関数の概要
PHPの hash_file 関数は、指定したファイルの内容に対してハッシュ値を計算するための関数です。ファイルの整合性チェックや改ざん検知、デジタル署名の検証など、セキュリティ関連の処理でよく利用されます。ハッシュアルゴリズムを自由に指定できるため、MD5、SHA-1、SHA-256など様々なアルゴリズムに対応しています。
パラメータの説明
string $algo:ハッシュアルゴリズム名を文字列で指定します。例:'md5'、'sha256'など。string $filename:ハッシュを計算する対象のファイルのパスを文字列で指定します。bool $binary = false(省略可能):結果をバイナリ形式で返すかどうか。デフォルトはfalseで、16進数の文字列で返します。
戻り値
指定したファイルのハッシュ値を文字列で返します。$binaryがtrueの場合はバイナリ形式の文字列、falseの場合は16進数の文字列です。ファイルが存在しない場合や読み込みに失敗した場合は false を返します。
使用例
基本的な使い方(MD5ハッシュの取得)
<?php
$hash = hash_file('md5', 'example.txt');
if ($hash !== false) {
echo "MD5ハッシュ値: " . $hash;
} else {
echo "ファイルの読み込みに失敗しました。
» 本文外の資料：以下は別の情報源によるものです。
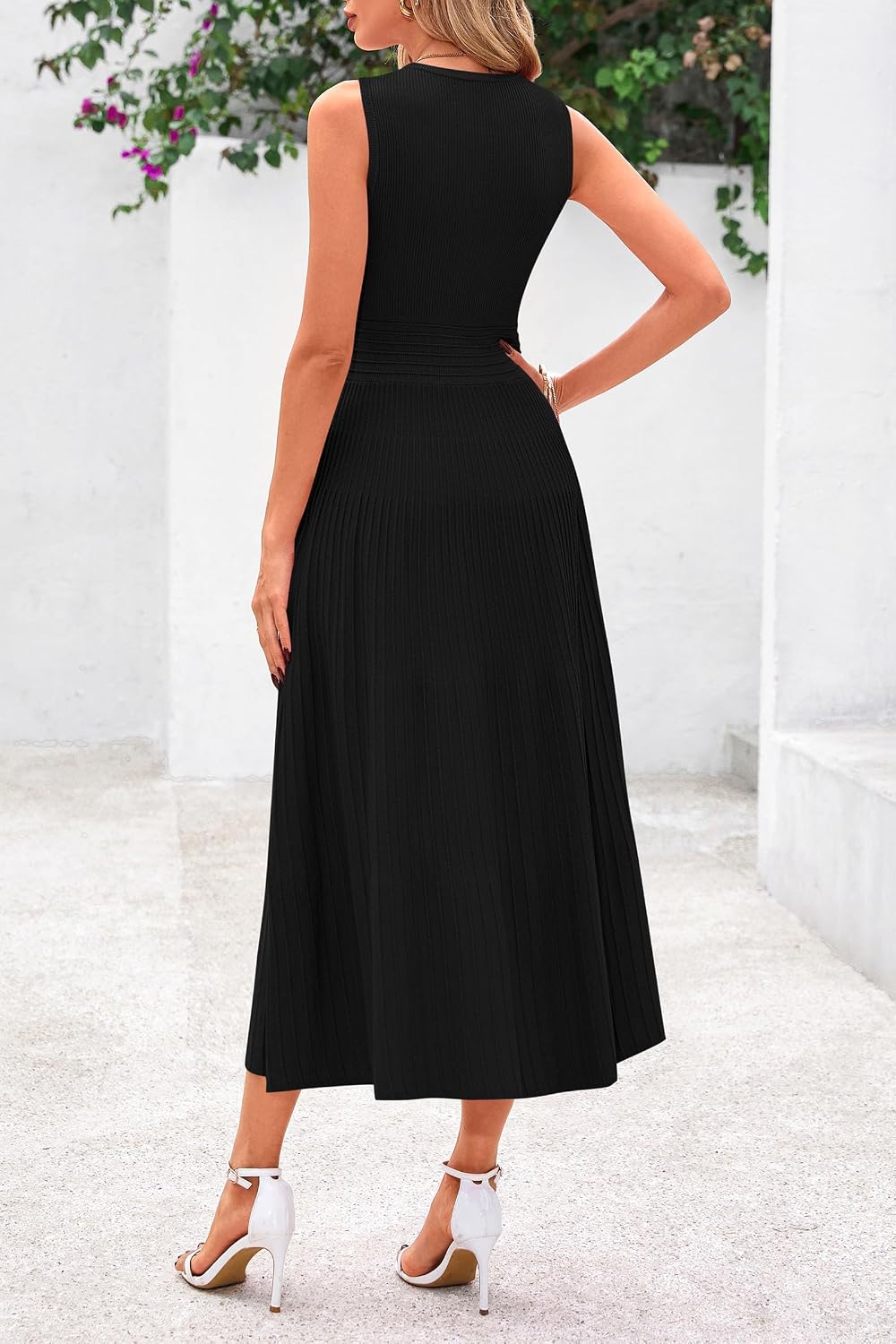 Detalle de PRETTYGARDEN Spring Casual Dresses for Women – 2026 Summer Midi A-Line Pleated Sleeveless Dress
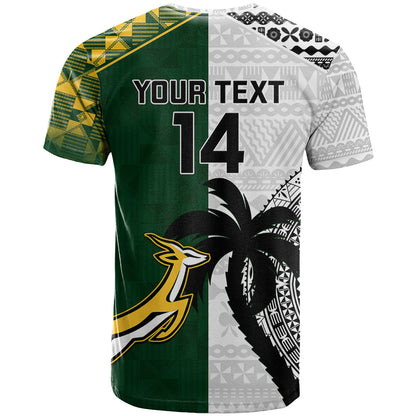 Custom South Africa And Fiji Rugby T-Shirt World Cup Fijian Tapa With Kente Pattern Graphic Tee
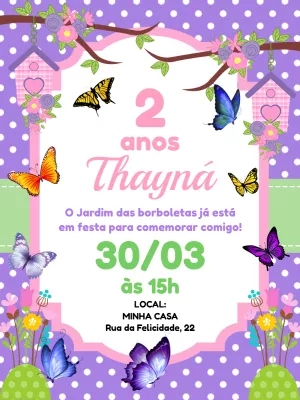 Convite Aniversário Jardim das Borboletas Editável Online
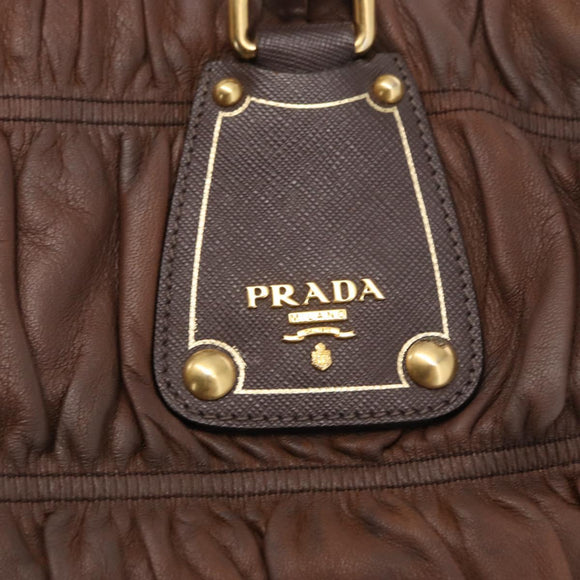 PRADA Gathered Hand Bag Leather Brown Gold Auth bs30722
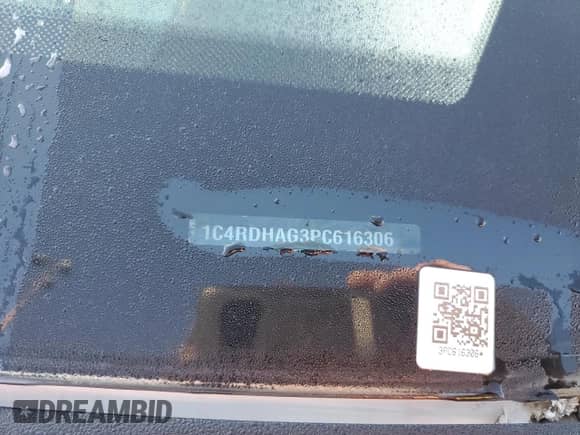 2023 Dodge Durango SXT with VIN 1C4RDHAG3PC616306, listed as a Copart auction lot 71741105 with Not provided miles and Non repairable. Bid and sale history available at DreamBid. Image 13.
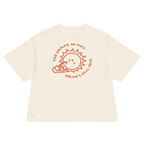 World's on fire women’s boxy tee in Ivory.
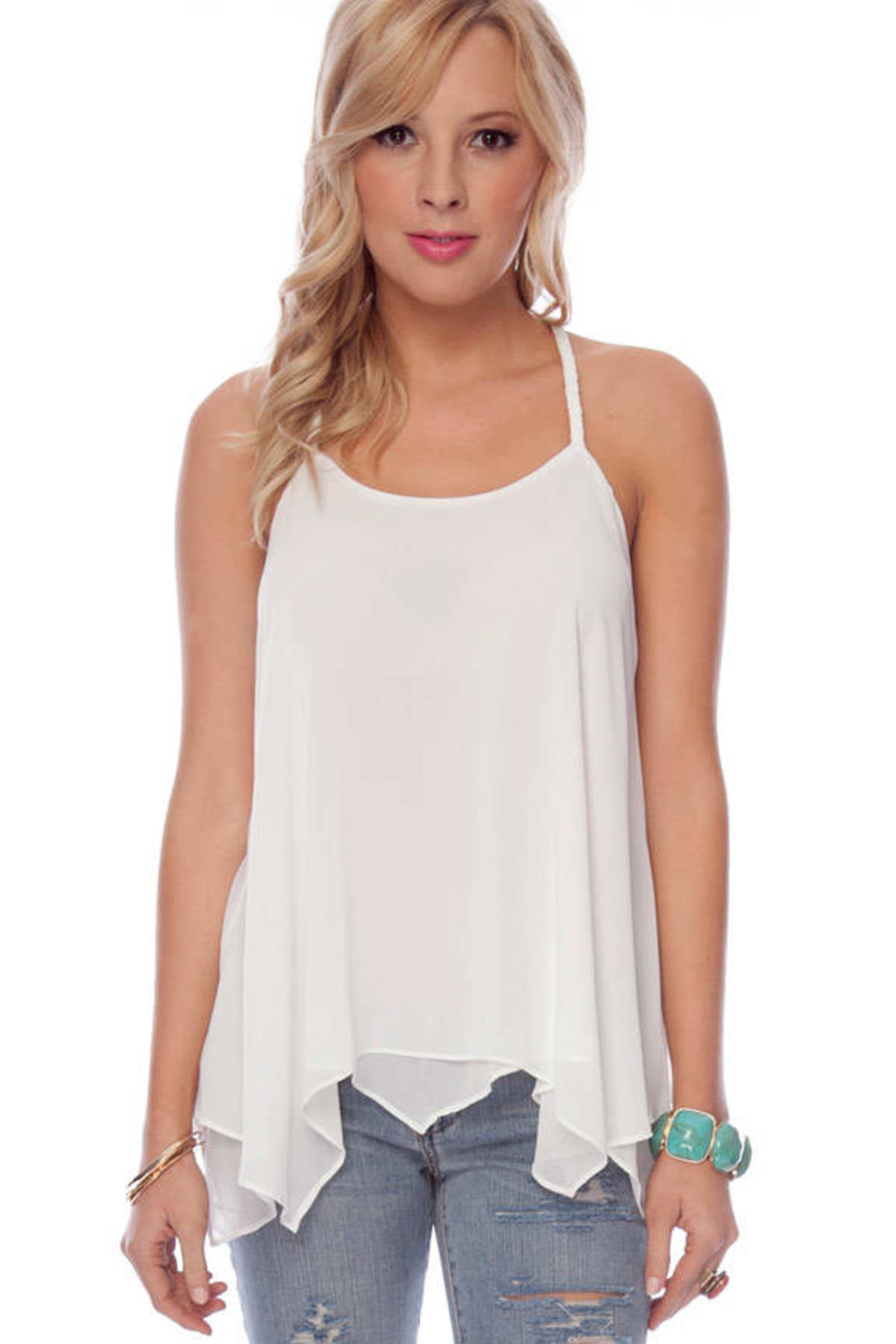 On a Roped Braided Tank Top in Off White - $48 | Tobi US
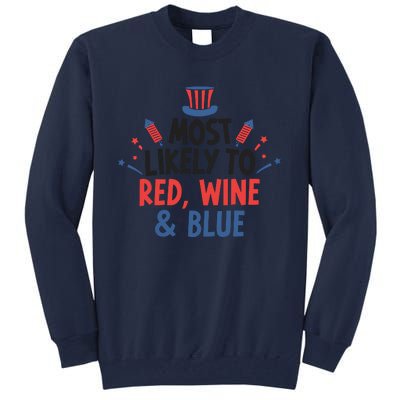 Most Likely To Red Wine And Blue Tall Sweatshirt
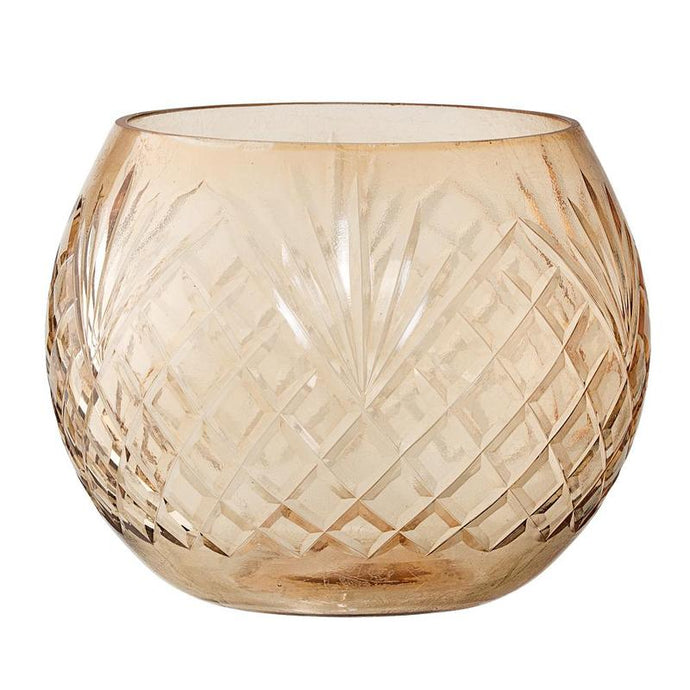Brown Round Etched Glass Vase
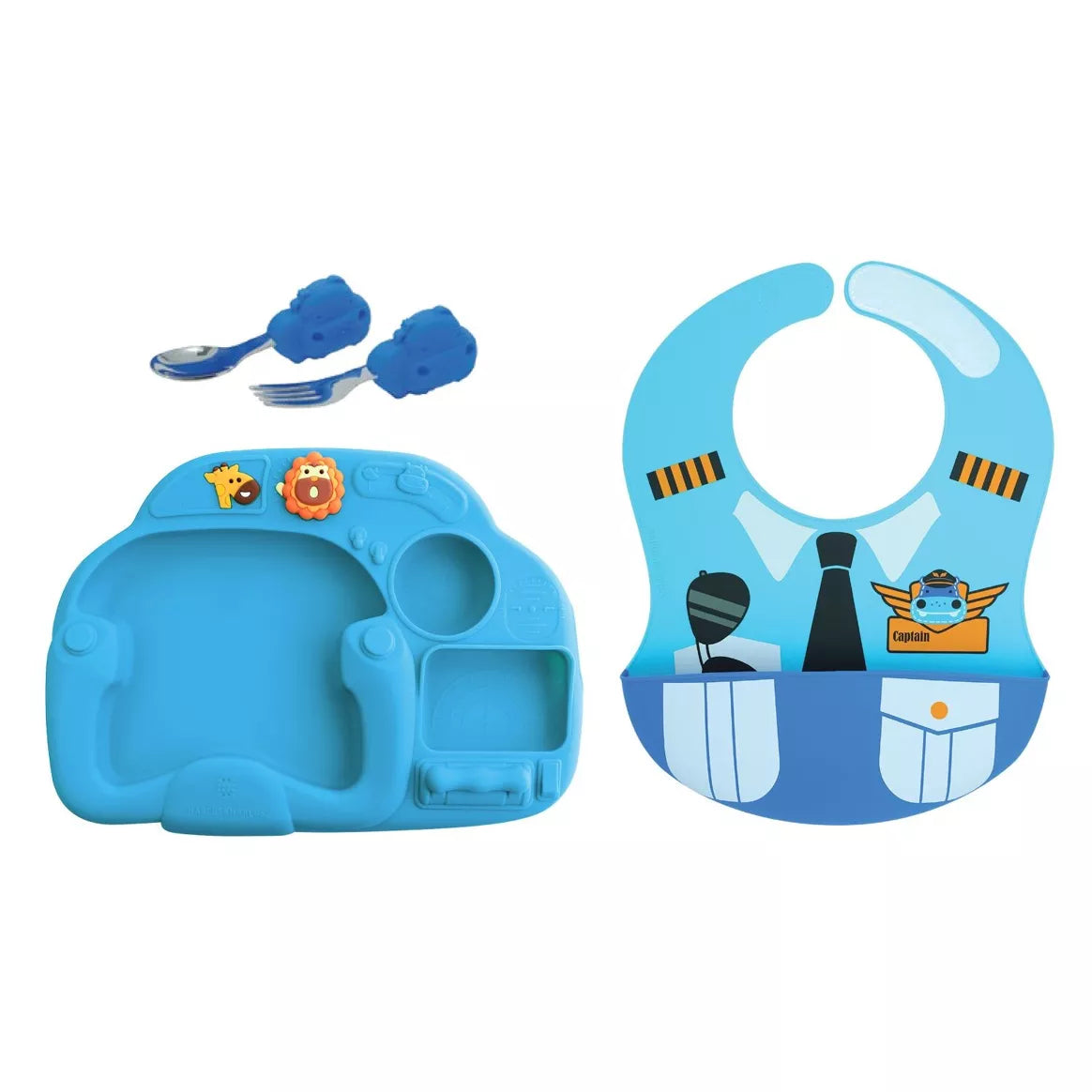 Ensemble pour le repas de bébé - Petit Pilote bleu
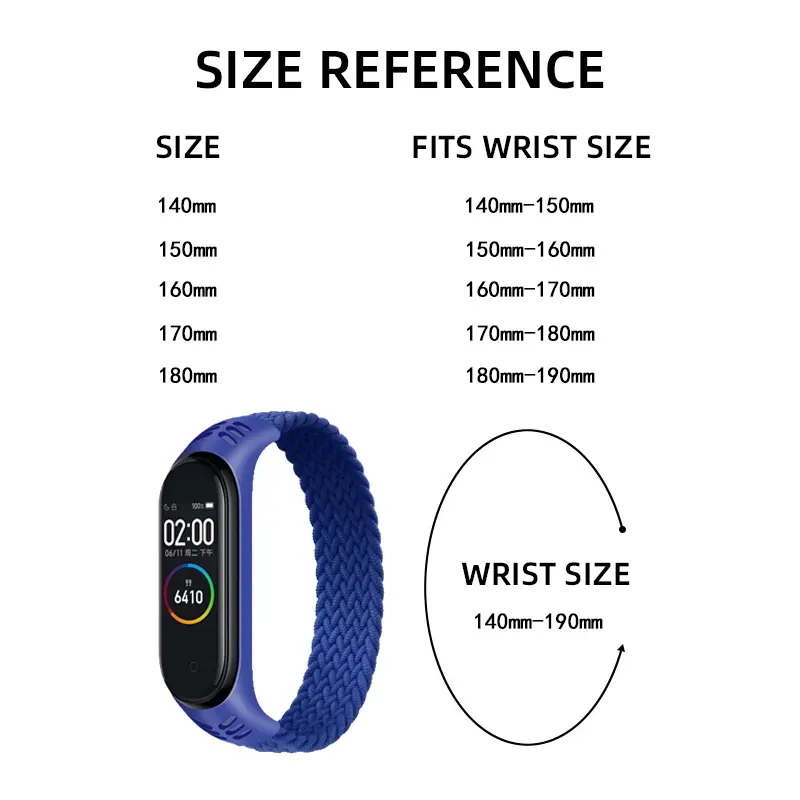 Bracelet for Xiaomi Mi band 6 7 Strap Nylon Braided solo loop pulseira bracelet Miband5 Wristband belt Mi band 5 4 3 6 correa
";
}
?>
この例では、example.txtというファイルのMD5ハッシュを計算し、結果を16進数の文字列で出力しています。
SHA-256でハッシュを計算する
<?php
$hash = hash_file('sha256', 'example.txt');
echo "SHA-256ハッシュ値: " . $hash;
?>
SHA-256アルゴリズムを指定することで、より安全なハッシュ値を取得できます。改ざん検知や比較に使われることが多いです。
バイナリ形式でハッシュ値を取得する
<?php
$binaryHash = hash_file('sha1', 'example.txt', true);
echo bin2hex($binaryHash); // バイナリを16進数で表示
?>
3番目のパラメータにtrueを指定すると、ハッシュ値がバイナリ形式で返ります。バイナリ形式はストレージやネットワーク通信の際に効率的です。
関連する関数
hash():文字列のハッシュ値を計算する関数hash_update() / hash_final():ストリーム的にデータをハッシュ化するための関数md5_file():MD5ハッシュをファイル単位で計算する関数 (古い形式)sha1_file():SHA-1ハッシュをファイル単位で計算する関数
まとめ
hash_file関数は、PHPでファイルのハッシュ値を簡単かつ安全に計算できる便利な関数です。対応しているハッシュアルゴリズムが豊富で、用途に応じて使い分けることができます。ファイルの整合性チェックやセキュリティの確保に欠かせないため、PHPでファイル操作をする際はぜひ活用してください。